When our family was planning our trip to the beach, I went back and forth on if I want to purchase one of those child harnesses for Avery or not.
Hear me out. Before I had a child of my own, I always thought it was so animalistic to put a leash on your child. How could people do that?! Until I had a son of my own.
My son Avery is so adventurous and loves exploring. At the age of one, he’s already the type of kid that will jump into the swimming pool without warning, run off into a crowd of people if put him down to walk, and scale a dresser like a cat stuck in a tree.
In the past, we didn’t venture out a lot but now that we do, Avery’s need for exploration can sometimes make me really worried.
Putting Avery on a baby harness or leash is conflicting because on the one hand I want to raise him to be free to roam about and discover. Some most smartest people in the world often say how they spent most their entire adulthood trying to unlearn rules and societal norms.

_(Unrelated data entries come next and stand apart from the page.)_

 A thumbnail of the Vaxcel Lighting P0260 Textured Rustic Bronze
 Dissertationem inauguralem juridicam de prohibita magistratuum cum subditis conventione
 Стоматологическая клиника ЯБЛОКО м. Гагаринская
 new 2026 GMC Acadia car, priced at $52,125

Children are operating at a genius level between the ages of 0-4. After that, it becomes memorable that they are told no, don’t do this and that and it stunts their curiosity and discovery. I don’t want that for Avery. But I also want him to be safe so deciding on whether or not to harness him was a very tough call for me to make. For now, I’m not going to harness or leash him but the option is not totally off the table.
Even though the idea of leashing a child was once bad to me, these were my juvenile thoughts in my early 20s. What I’ve learned is to never pass judgement on other Mommies and Daddies and how they parent their children.

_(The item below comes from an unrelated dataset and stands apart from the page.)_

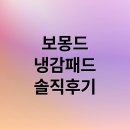 알파스토아 | 보몽드 냉감패드 솔직 후기: 시원함의 비밀과 활용법 총정리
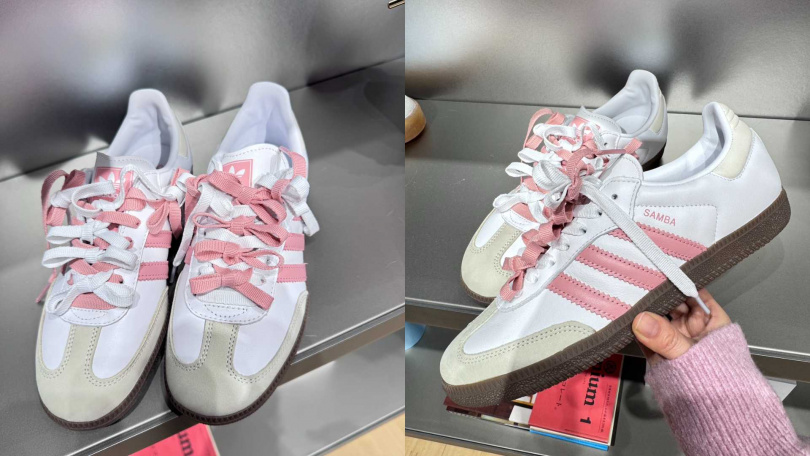 SAMBA OG／3,490元（圖／記者顏一婕攝）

Each child is completely different with their own challenges and obstacles. You never know why parents have made the decisions they have made, even if you ask them, so don’t judge them. The reason why I say even if you ask them is because I notice that most people aren’t able to clearly articulate their actions. Sometimes is may be an internal instinct, something from within that is guiding them. Everything cannot be clearly verbalized. So your best bet is to trust that each and every Mommy and Daddy you encounter is doing the best that they can. Unless you know for a fact that there is something up, then you call DFACS on them!